In algebra, combining like terms is a fundamental process to simplify expressions. Like terms are terms whose variables (and their exponents) are the same. For instance, in polynomial algebra, the terms \(3x^2\) and \(5x^2\) are like terms because they both contain the variable \(x\) raised to the same power of 2. On the other hand, \(3x^2\) and \(5x^3\) are not like terms because the exponents differ.

During polynomial subtraction, like terms are subtracted according to the usual rules of arithmetic. The coefficients of the terms are subtracted while the variable part remains unchanged. For a visual example, if we have \(x^4 - 6x^4\), we subtract the coefficients \(1 - 6\) to get \( -5\), and the simplified term is \( -5x^4\). It's important to ensure that only like terms are combined to avoid errors and correctly simplify the expression.

The degree of a polynomial is a measure of its highest exponent when the polynomial is expressed in standard form (terms written from highest to lowest degree). The standard form is important because it shows the polynomial's degree clearly. For instance, the polynomial \(7x^3 - 2x^5 + 4\) would be written as \( -2x^5 + 7x^3 + 4\) in standard form, highlighting that the degree is 5.

Understanding polynomial degree is crucial because it can reveal key characteristics about the polynomial function, such as its possible number of roots, the general shape of its graph, and its end behavior as \(x\) approaches infinity or negative infinity. In our exercise, we determine that the resulting polynomial, after combining like terms, has the highest exponent of 4 in the term \( -5x^4\), which makes its degree 4.

Algebraic operations refer to the different ways we can manipulate algebraic expressions, which include addition, subtraction, multiplication, division, and exponentiation.

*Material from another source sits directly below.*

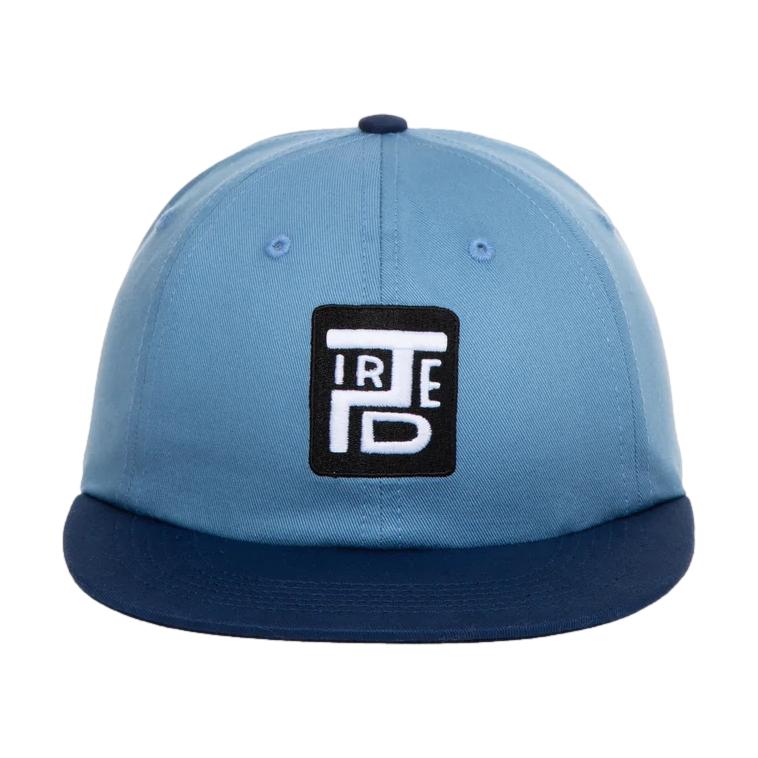 Tired Stamp 2 Tone 6 Panel Cap Light Blue/Navy - Venue Skateboards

Each operation follows specific rules to ensure that the expressions are correctly simplified or solved.

In polynomial subtraction, as seen in our exercise, the operation involves a few steps, starting by expressing subtraction as the addition of a negative and then combining like terms. The ability to perform algebraic operations accurately is vital for success in mathematics, as these are the building blocks for solving equations, simplifying expressions, and understanding the relationships between different algebraic concepts.